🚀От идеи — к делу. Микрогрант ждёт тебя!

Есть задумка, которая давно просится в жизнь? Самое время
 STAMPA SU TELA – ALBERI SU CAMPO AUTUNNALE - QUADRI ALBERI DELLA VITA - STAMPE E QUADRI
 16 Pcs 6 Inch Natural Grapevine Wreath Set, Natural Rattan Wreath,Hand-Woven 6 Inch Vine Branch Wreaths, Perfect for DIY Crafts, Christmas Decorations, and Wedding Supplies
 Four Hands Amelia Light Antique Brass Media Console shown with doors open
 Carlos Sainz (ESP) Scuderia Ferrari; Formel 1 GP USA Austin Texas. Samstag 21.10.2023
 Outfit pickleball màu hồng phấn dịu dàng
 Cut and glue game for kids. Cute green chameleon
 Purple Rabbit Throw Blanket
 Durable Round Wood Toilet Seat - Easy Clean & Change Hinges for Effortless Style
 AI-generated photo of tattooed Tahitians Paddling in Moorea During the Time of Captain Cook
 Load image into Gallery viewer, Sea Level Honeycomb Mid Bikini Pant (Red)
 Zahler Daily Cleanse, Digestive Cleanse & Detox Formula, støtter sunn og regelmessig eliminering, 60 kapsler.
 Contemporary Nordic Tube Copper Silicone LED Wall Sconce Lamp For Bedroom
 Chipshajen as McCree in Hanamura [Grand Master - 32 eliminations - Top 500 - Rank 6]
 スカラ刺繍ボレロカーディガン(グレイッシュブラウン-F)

Exercise brief: The required output is the entries from their opening line through the line holding "Contemporary Nordic Tube", repeated exactly, with both end lines kept.

Exercise output:
🚀От идеи — к делу. Микрогрант ждёт тебя!

Есть задумка, которая давно просится в жизнь? Самое время
 STAMPA SU TELA – ALBERI SU CAMPO AUTUNNALE - QUADRI ALBERI DELLA VITA - STAMPE E QUADRI
 16 Pcs 6 Inch Natural Grapevine Wreath Set, Natural Rattan Wreath,Hand-Woven 6 Inch Vine Branch Wreaths, Perfect for DIY Crafts, Christmas Decorations, and Wedding Supplies
 Four Hands Amelia Light Antique Brass Media Console shown with doors open
 Carlos Sainz (ESP) Scuderia Ferrari; Formel 1 GP USA Austin Texas. Samstag 21.10.2023
 Outfit pickleball màu hồng phấn dịu dàng
 Cut and glue game for kids. Cute green chameleon
 Purple Rabbit Throw Blanket
 Durable Round Wood Toilet Seat - Easy Clean & Change Hinges for Effortless Style
 AI-generated photo of tattooed Tahitians Paddling in Moorea During the Time of Captain Cook
 Load image into Gallery viewer, Sea Level Honeycomb Mid Bikini Pant (Red)
 Zahler Daily Cleanse, Digestive Cleanse & Detox Formula, støtter sunn og regelmessig eliminering, 60 kapsler.
 Contemporary Nordic Tube Copper Silicone LED Wall Sconce Lamp For Bedroom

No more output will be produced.